[Gluster-users] libgfapi access
Pranith Kumar Karampuri
pkarampu at redhat.com
Wed Dec 16 12:14:59 UTC 2015
On 12/16/2015 02:24 PM, Poornima Gurusiddaiah wrote:
> Answers inline
>
> ----- Original Message -----
>> From: "Pranith Kumar Karampuri" <pkarampu at redhat.com>
>> To: "Ankireddypalle Reddy" <areddy at commvault.com>, "Vijay Bellur" <vbellur at redhat.com>, gluster-users at gluster.org,
>> "Shyam" <srangana at redhat.com>, "Niels de Vos" <ndevos at redhat.com>
>> Sent: Wednesday, December 16, 2015 1:14:35 PM
>> Subject: Re: [Gluster-users] libgfapi access
>>
>>
>>
>> On 12/16/2015 01:51 AM, Ankireddypalle Reddy wrote:
>>> Thanks for the explanation. Valgrind profiling shows multiple memcpy's
>>> being invoked for each write through libgfapi. Is there a way to avoid
>>> these memcpy's?. Also is there a limit on the number of glfs_t* instances
> For every buffer passed by application to libgfapi, libgfapi does a memcopy,
> for various reasons. As of yet there is no way to limit this, there were some dicussions
> on adding capabilities for libgfapi to provide buffer so that memcopies can be avoided.
>
>>> that can be allocated at a given point of time. I've encountered cases
>>> where if more than 8 glfs_t* instances are being allocated then glfs_init
>>> fails.
> Currently there is no way to limit the number of glfs_t instances for a process.
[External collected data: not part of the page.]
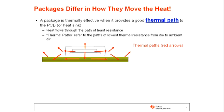Heat flows through the path of least resistance. When looking at thermal paths, we look at where there is copper, where there is silicon, and where there are other conductive materials, and how we work through or around thermal paths that are less conductive or have higher thermal resistance, such as plastic materials.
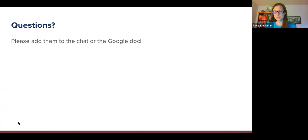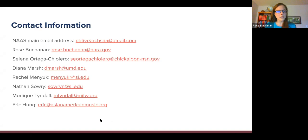Thank you all so much, and thank you to all our presenters. We will include our contact information before we end — if you think of additional questions you want to follow up with us on, the conversation can continue. Our main NAS email address, nativearchsaa@gmail.com, is also available. Thank you all for spending this time with us. We are so glad you joined us, and we hope to continue connecting with you about this work.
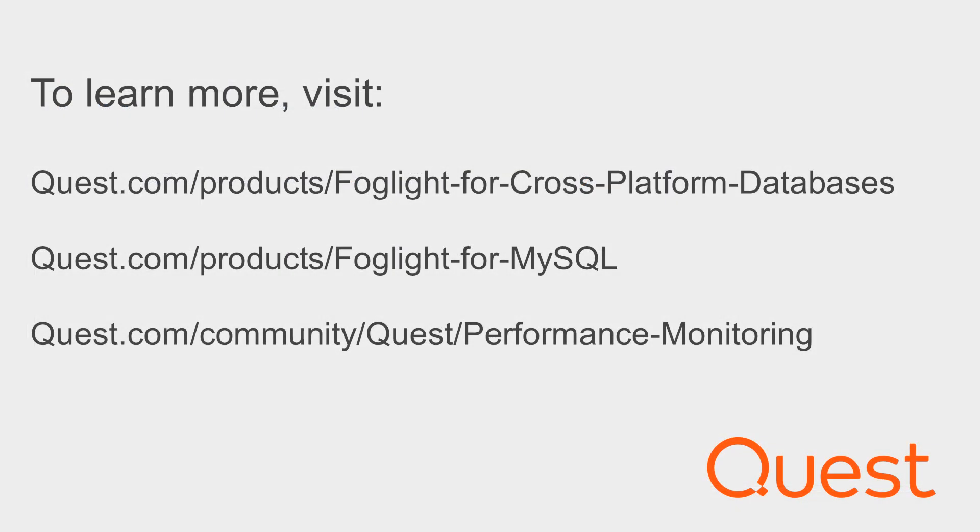So that's it for just a quick look at handling locking and blocking within Foglight for MySQL. Please look around the site for additional video clips showing you specific use cases of Foglight for MySQL and all the other platforms that we use. And please do feel free to reach out and contact us with questions or if you need to do an evaluation on the tool or have any help at all. Thank you very much for your time. Bye.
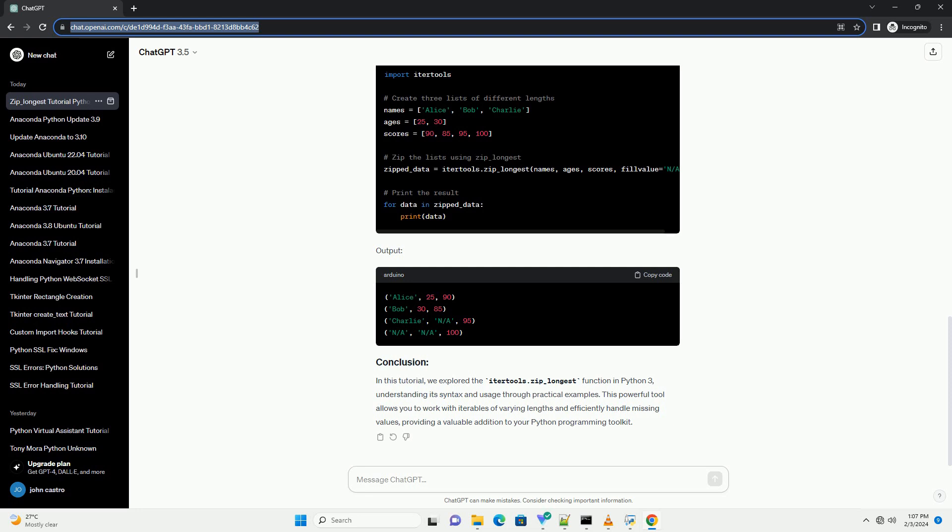itertools.zip_longest is a powerful tool for combining iterables of unequal lengths. Understanding its usage and applications can greatly enhance your ability to work with varying data structures in Python. Experiment with different scenarios to see how this function can streamline your code when dealing with unevenly sized datasets or lists.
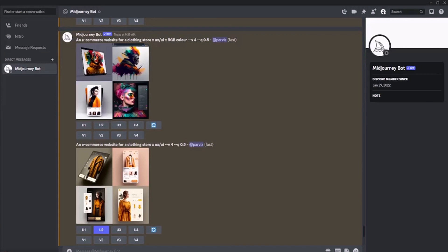Now, let's generate a clothing store image for a website.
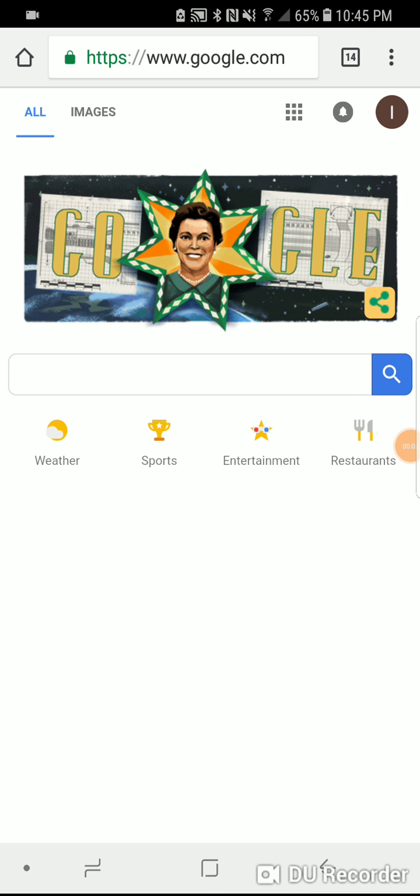Hello everyone! Today I'll be showing you how to download Fortnite on your Android device.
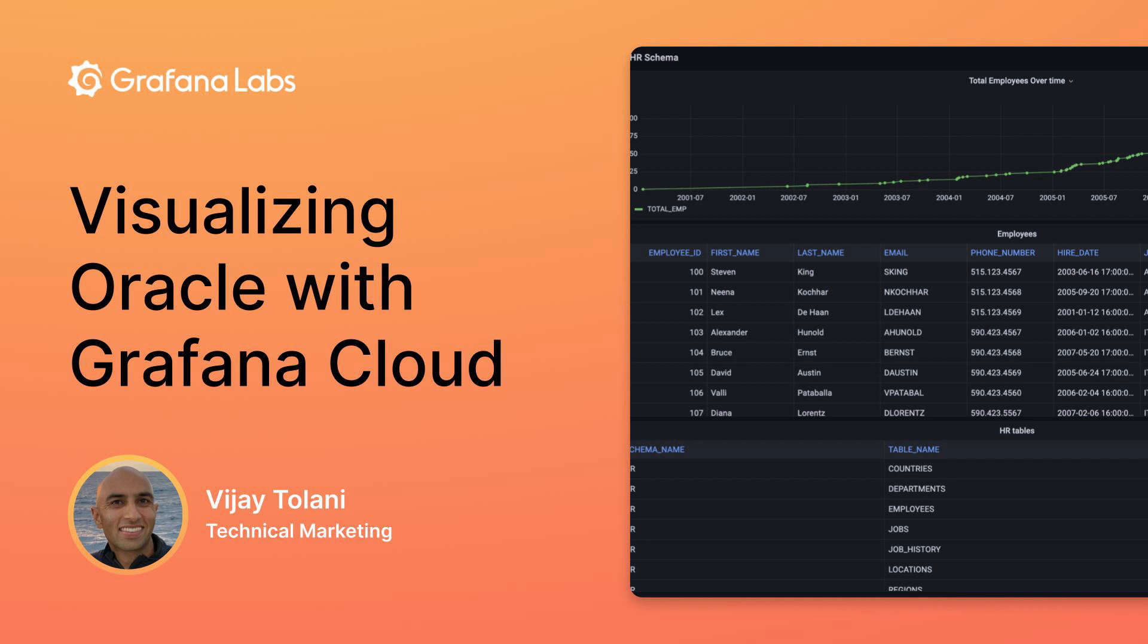Hi, this is Vijay Talani, and today I'll show you how you can visualize data in an Oracle database using Grafana Cloud.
> But it is quite easy to implement this in the application itself. What application
> are using libgfapi for?
Do you think it is possible for you to share the c program which is
leading to this problem? It would be easier to find the problem that way.
Pranith
>
>> Including maintainers of gfapi.
>>
>> Pranith
>>
>>>
>>>
>>> Thanks and Regards,
>>> Ram
>>>
>>> -----Original Message-----
>>> From: Pranith Kumar Karampuri [mailto:pkarampu at redhat.com]
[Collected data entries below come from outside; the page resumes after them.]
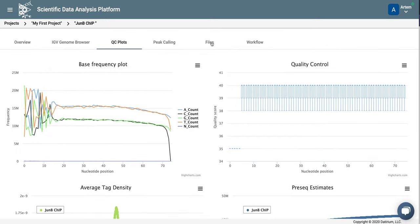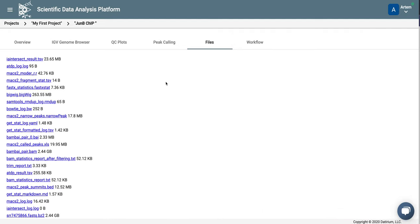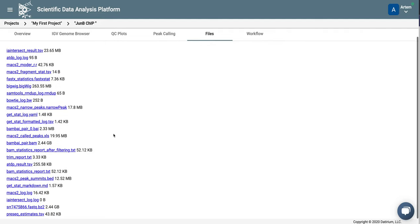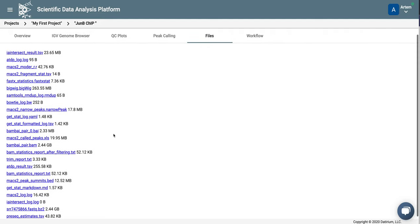Finally, let's look at the file tab, and this is where you can download all the data files. So this includes, for example, the FASTQ files, the BAM files, statistics files, list of the peaks, and so on.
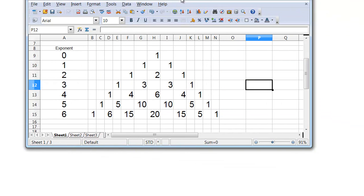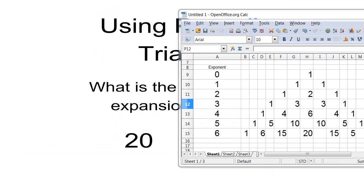Well, I can just build out my Pascal's triangle, and here we are when we're expanding binomials to the power of 6. This is what my coefficients are going to look like, and the fourth term is 1, 2, 3, 4 over — so I know the coefficient, the number in front of the variables, is going to be 20.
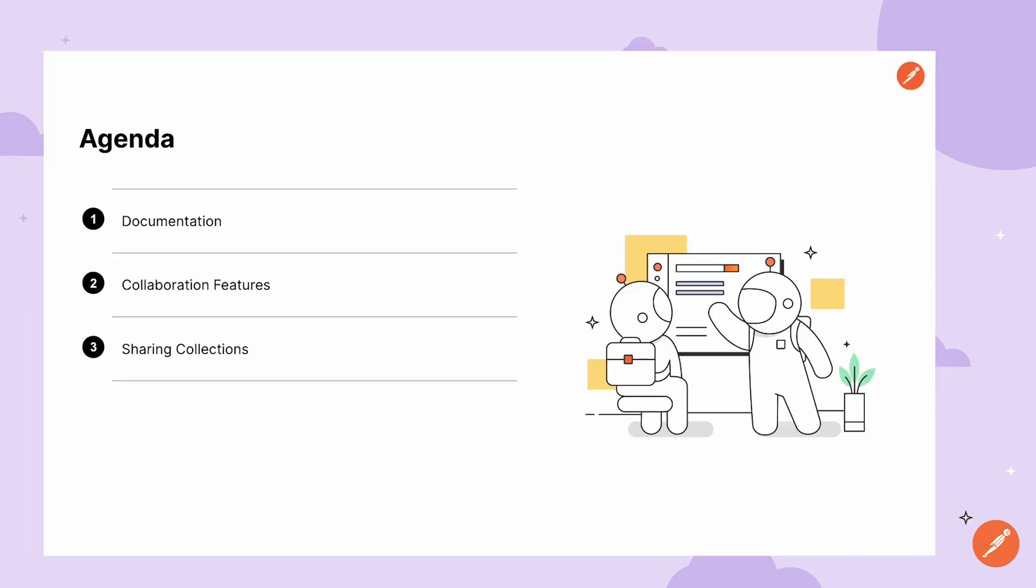So to recap, we reviewed documentation, collaboration features such as forking, watching in the PR workflow, and commenting tagging, as well as sharing collections.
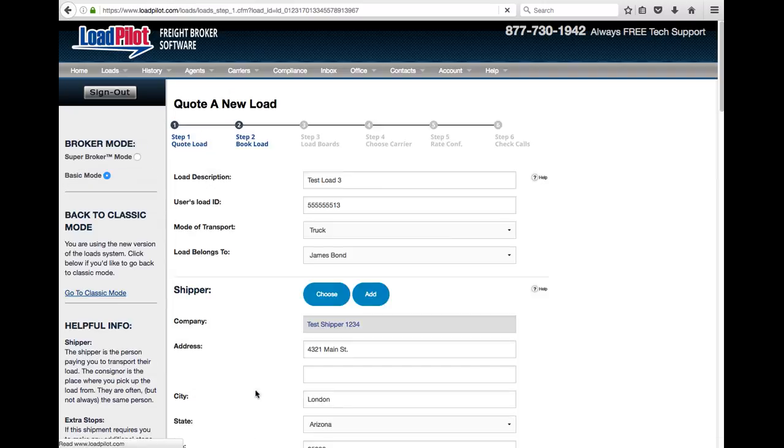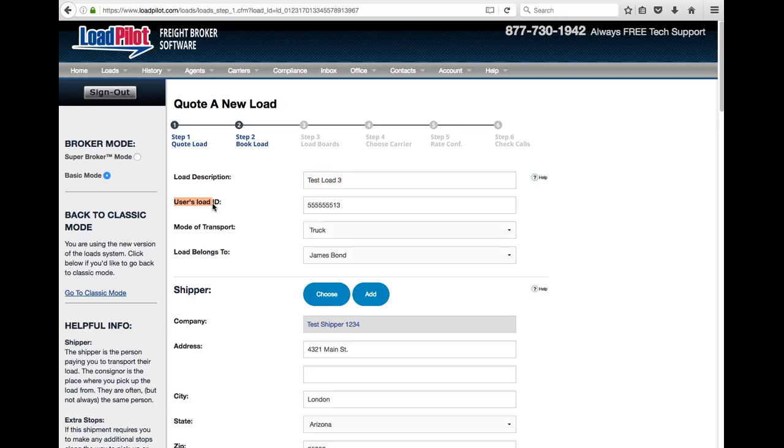We'll just take a look here. For example, on this load there's load description, just the title you give it. There's the user load ID. This is the custom load ID. So you can type anything you want into this box.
>>> Sent: Monday, December 14, 2015 11:13 PM
>>> To: Ankireddypalle Reddy; Vijay Bellur; gluster-users at gluster.org
>>> Subject: Re: [Gluster-users] libgfapi access
>>>
>>>
>>>
>>> On 12/11/2015 08:58 PM, Ankireddypalle Reddy wrote:
>>>> Pranith,
>>>> Thanks for checking this. Though the time taken to run
>>>> was 18 seconds if you look at the time consumed in
>>>> user land as well as kernel land for executing the
>>>> command then it is evident that fuse took almost half
>>>> the time as libgfapi. Also from the collected profiles
>>>> it is evident that the average latency for the write
>>>> command is less for fuse than for libgfapi. Are there
>>>> any recommendations for I/O through libgfapi for
>>>> disperse volumes. Is there any way to avoid the extra
>>>> memcpy's that are being made when performing I/O
>>>> through libgfapi.
>>> hi Ankireddy,
>>> Oh this is not a problem. If we use fuse, the system call 'write'
>>> from ./GlusterFuseTest will go through fuse-kernel, fuse kernel
>>> sends the write operation to glusterfs mount process which is a
>>> user process. Time taken to complete that call from then on is
>>> computed against the glusterfs mount process until it responds
>>> to the fuse-kernel, not against the ./GlusterFuseTest process.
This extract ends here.